As we discuss his various collaborations he cites Andy Warhol’s thoughts on the matter. Warhol loved working with assistants because there was always a chance they might misunderstand his instructions. The happy accidents that would often come out of that collaborative process delighted Warhol, and Kyes too is passionate about producing work where the aesthetic of the final piece might be affected by circumstances that are out of his control. He explored this method of working when he was commissioned by Los Angeles- based Colby Poster Printing Co. (“Family Owned and Operated Since 1946”) to produce a series of posters for photographer Kim Schoen’s exhibition Living History Project. “Colby use letterpress. They put your poster together and you have absolutely no control or input. The aesthetic is pretty much determined by their process. I really wanted a stripped-down format for Kim’s posters that would reference the way the poster was made.”

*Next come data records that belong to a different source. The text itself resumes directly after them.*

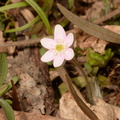 liverleaf hepatica nobilisn wehr 3403 11apr23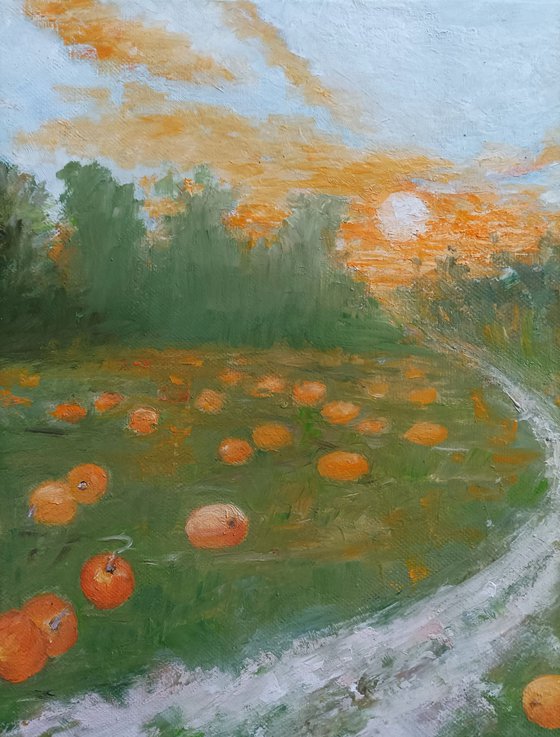 Path through the pumpkin field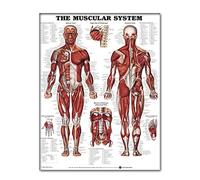 Tableau mural du système musculaire Apprentissage anatomique réaliste Affiche du système musculaire Affiches d'anatomie Tableau musculaire Affiche d'anatomie Modèle de muscle humain 50x70 cm Affiche e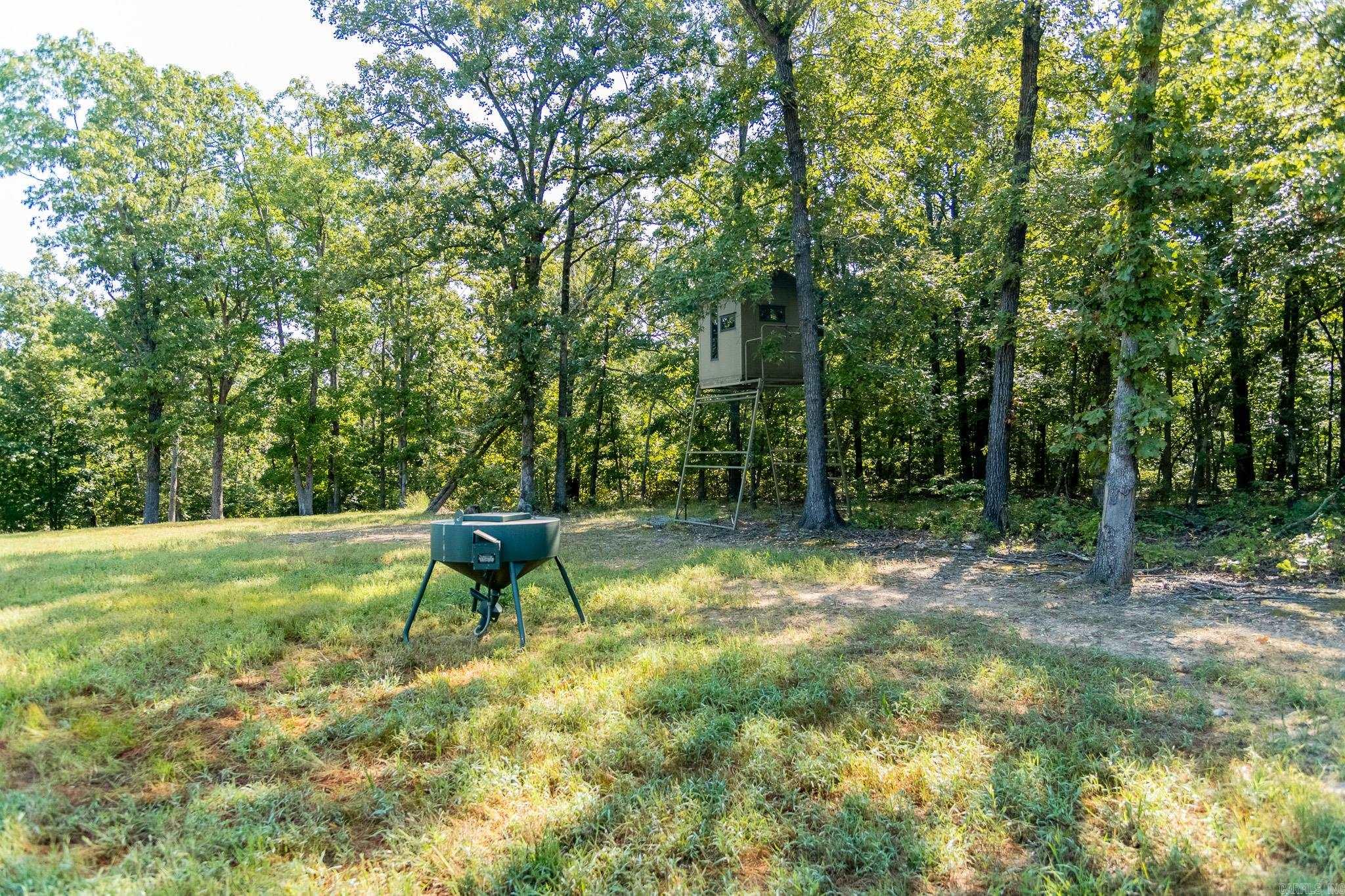 314 Bear Bluff Trail  Ravenden, AR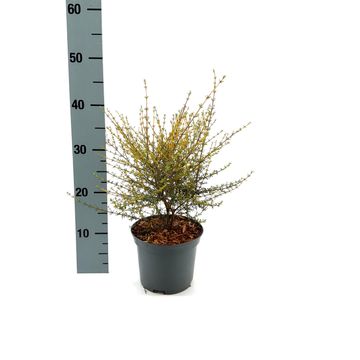 Olearia solandri 'Aurea'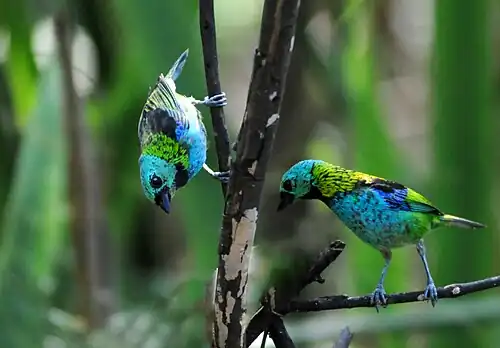 Twee prachtangares in Ubatuba (SP)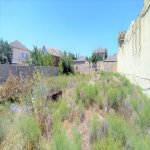 Satılır Torpaq, Şağan, Xəzər rayonu 4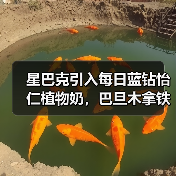星巴克引入每日蓝钻怡仁植物奶,巴旦木拿铁广获好评(图3) 星巴克引入每日蓝钻怡仁植物奶,巴旦木拿铁广获好评(图3)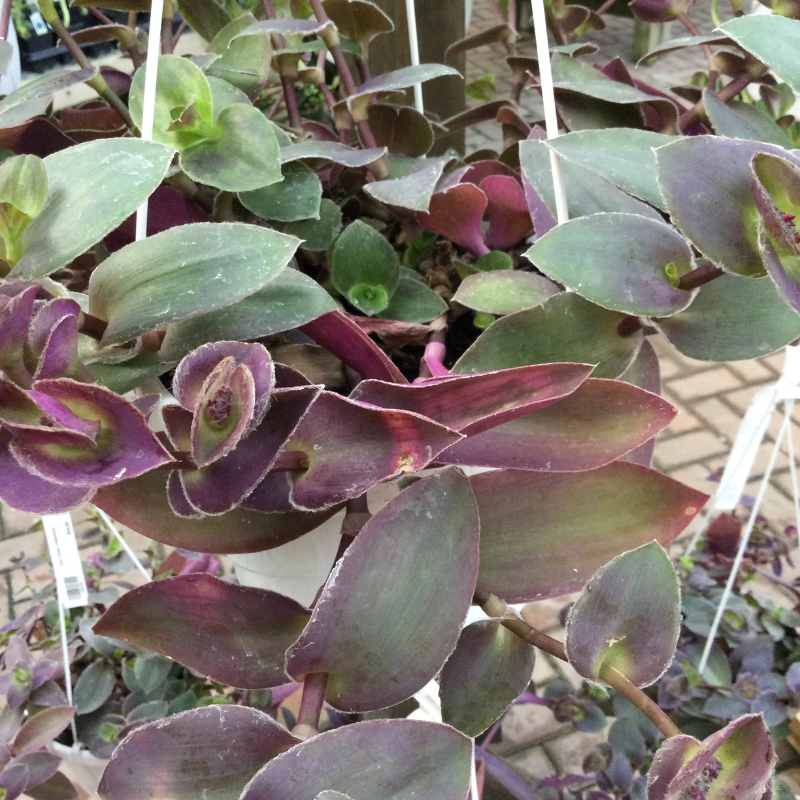 purple fuzzy indoor plant Tradescantia Purple Fuzzy Plant Plug (Tradescantia sillamontana) – Str – Terra Mater Gardens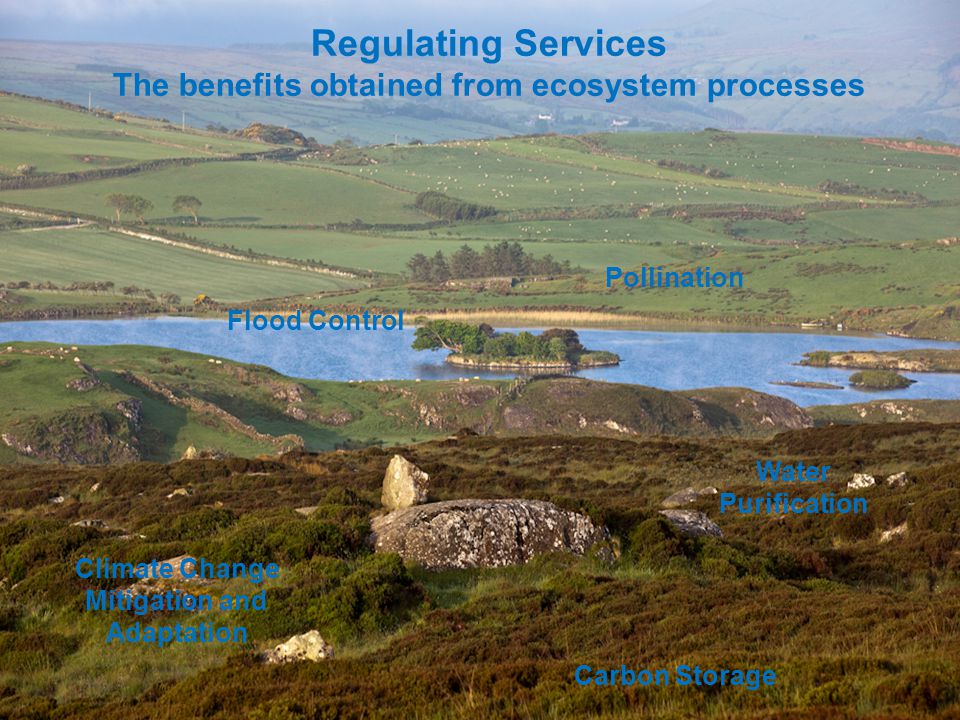 Regulating Services The benefits obtained from ecosystem processes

Kyes made the move to London because he feels “there are more possibilities to practise design, especially print design in a cultural context”. His desire to work with cultural clients in the capital is already bearing fruit; his relationship with the Architectural Association in particular has evolved a great deal over the last two years. Established in 1847 “by a pack of troublesome students”, the AA is Britain’s oldest and most vital school of architecture, an institution “whose independence of thought and operation has been fought for by generations of students, tutors and staff”. Kyes started by designing one-off posters and is now art director of both the AA and the AA Print Studio, where he works with Wayne Daley – “an amazing designer” – on a range of work including posters for talks, invitations and catalogues for exhibitions, and the publication AArchitecture.

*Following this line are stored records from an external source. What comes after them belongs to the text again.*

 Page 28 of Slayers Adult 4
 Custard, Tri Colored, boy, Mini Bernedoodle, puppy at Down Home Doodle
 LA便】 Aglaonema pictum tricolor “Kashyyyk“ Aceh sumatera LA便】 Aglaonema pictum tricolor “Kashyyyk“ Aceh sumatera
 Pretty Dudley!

“What’s so interesting to me about the AA is that there’s this great history of publications. A large degree of their reputation is based upon the material they published in the 60s and 70s. That lineage continues today and that’s what I’m interested in bringing back.”
While AArchitecture provides an opportunity to celebrate the heritage of AA publications, it’s also aimed at inspiring current students to continue that lineage. For issue three Kyes revived Ghost Dance Times, a student newspaper published weekly during the mid-70s. The same issue also features a small tipped-in booklet called Satellite. Guest-edited by students, Satellite colonises “the architecture of other AA publications”, creating “an autonomous space for editorial and curatorial projects”.

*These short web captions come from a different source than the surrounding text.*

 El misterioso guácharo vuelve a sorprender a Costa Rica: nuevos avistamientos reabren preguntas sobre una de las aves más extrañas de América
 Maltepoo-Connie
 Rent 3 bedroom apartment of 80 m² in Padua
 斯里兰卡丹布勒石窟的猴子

“There was an exhibition in New York recently called Clip/ Stamp/Fold, which looked at architectural publications from the 60s and 70s, and what’s so interesting about that time is that there was all this visionary architecture. The term they used was ‘paper architecture’, because it only existed on paper as a hypothetical vision. So these magazines were the perfect domain for those ideas to live in.”
AArchitecture is an evolving publication –“it started life as a newsletter but now it’s turning into more of a journal” – and while specific constraints such as format and a core colour palette have been set, each issue introduces a varied visual approach, adopting different typefaces for headers and body text. Issue three features a beautifully balanced typeface called Wedding Sans, designed by friend and collaborator Andrea Tinnes of Typecuts. With articles by staff, students and external contributors, it’s an informative and invigorating read.
Kyes’ involvement at the AA goes beyond that of art director; he teaches a media studies class and has led several workshops. He sees teaching as an opportunity to“pursue projects that I’m already interested in. I also think of teaching as my MFA [postgraduate degree] because it provides an opportunity to clarify ideas and address new ones.” Teaching a publication workshop at the AA helped determine a standard format for the programmes designed for exhibitions at the AA Gallery: each new programme features a poster that folds out from inside a uniform cover.
“I think the idea came to me when I saw what the students were doing. They’re architects, and so they tend to treat publications super-structurally. You have to build it, carve away space, build different areas for different kinds of content.”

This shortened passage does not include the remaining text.